[What you need to do] Using the data below, restate exactly every line from the one with "Estriol Trisulfate Trisodium" up to and including the one with "Core365 Unisex Fusion". No picture belongs in it.

[Dataset content]
Content starts

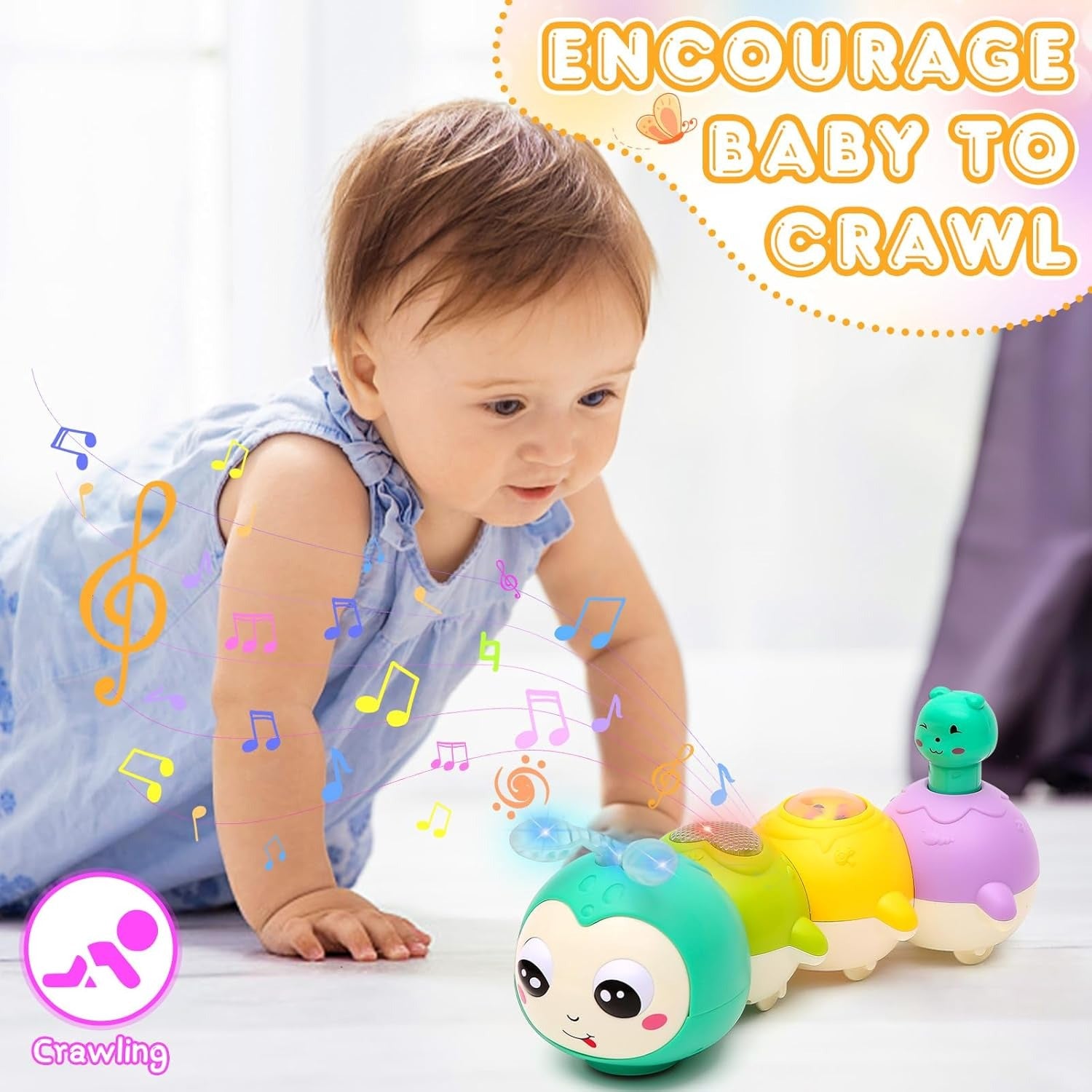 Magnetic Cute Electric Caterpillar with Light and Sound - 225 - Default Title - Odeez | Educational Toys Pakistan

Content ends
Content starts

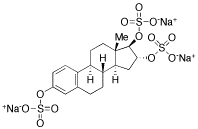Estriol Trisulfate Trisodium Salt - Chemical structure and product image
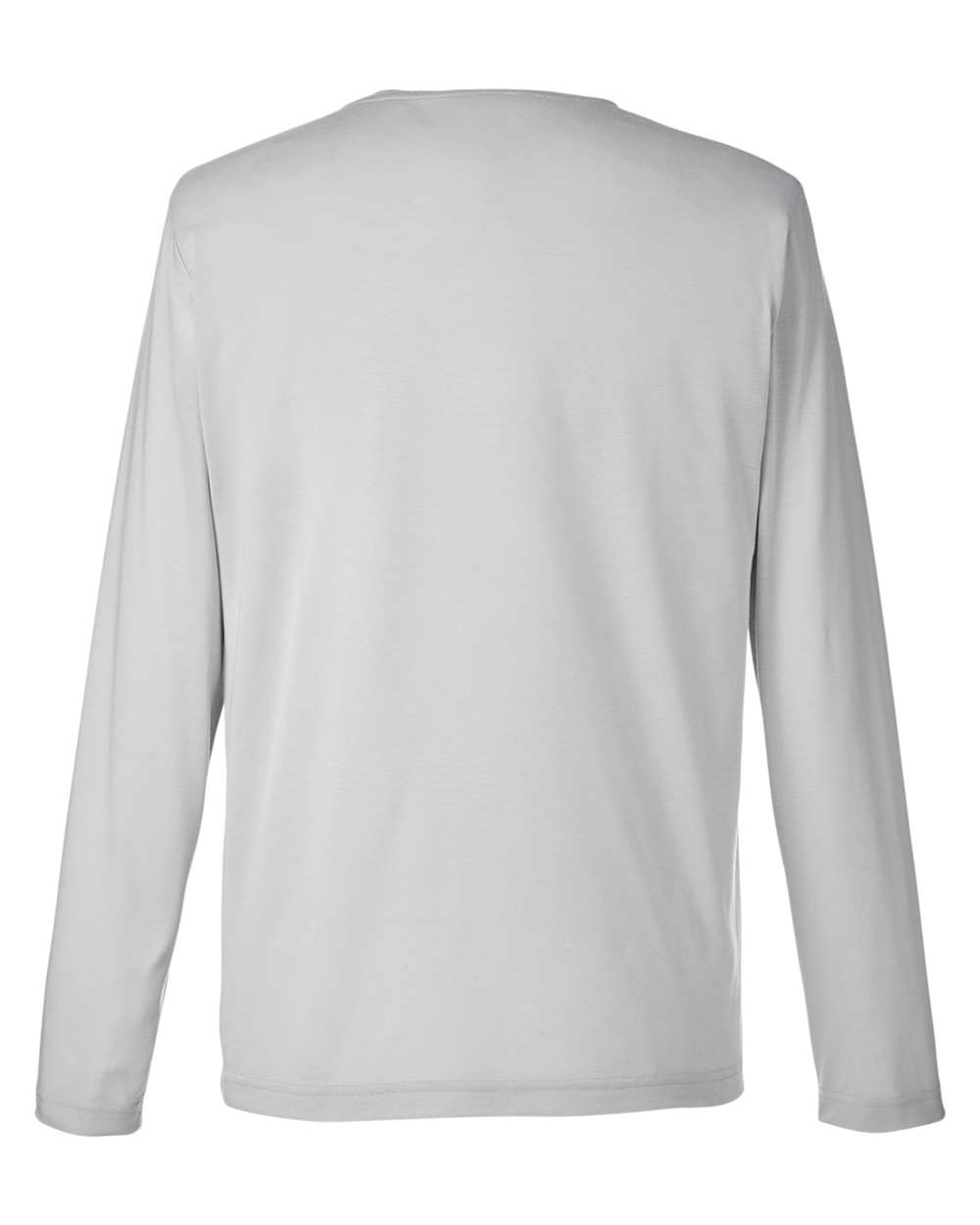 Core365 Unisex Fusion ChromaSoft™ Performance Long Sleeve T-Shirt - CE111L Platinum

Content ends
Content starts

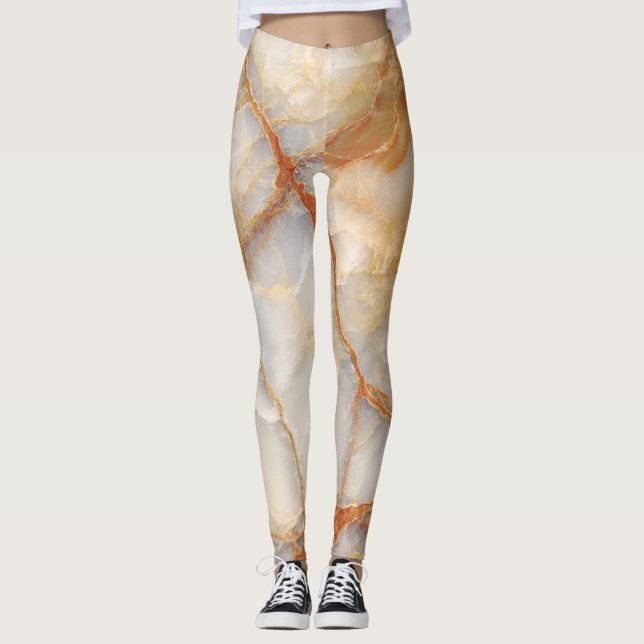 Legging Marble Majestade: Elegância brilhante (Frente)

Content ends

[Expected answer]
Estriol Trisulfate Trisodium Salt - Chemical structure and product image
 Core365 Unisex Fusion ChromaSoft™ Performance Long Sleeve T-Shirt - CE111L Platinum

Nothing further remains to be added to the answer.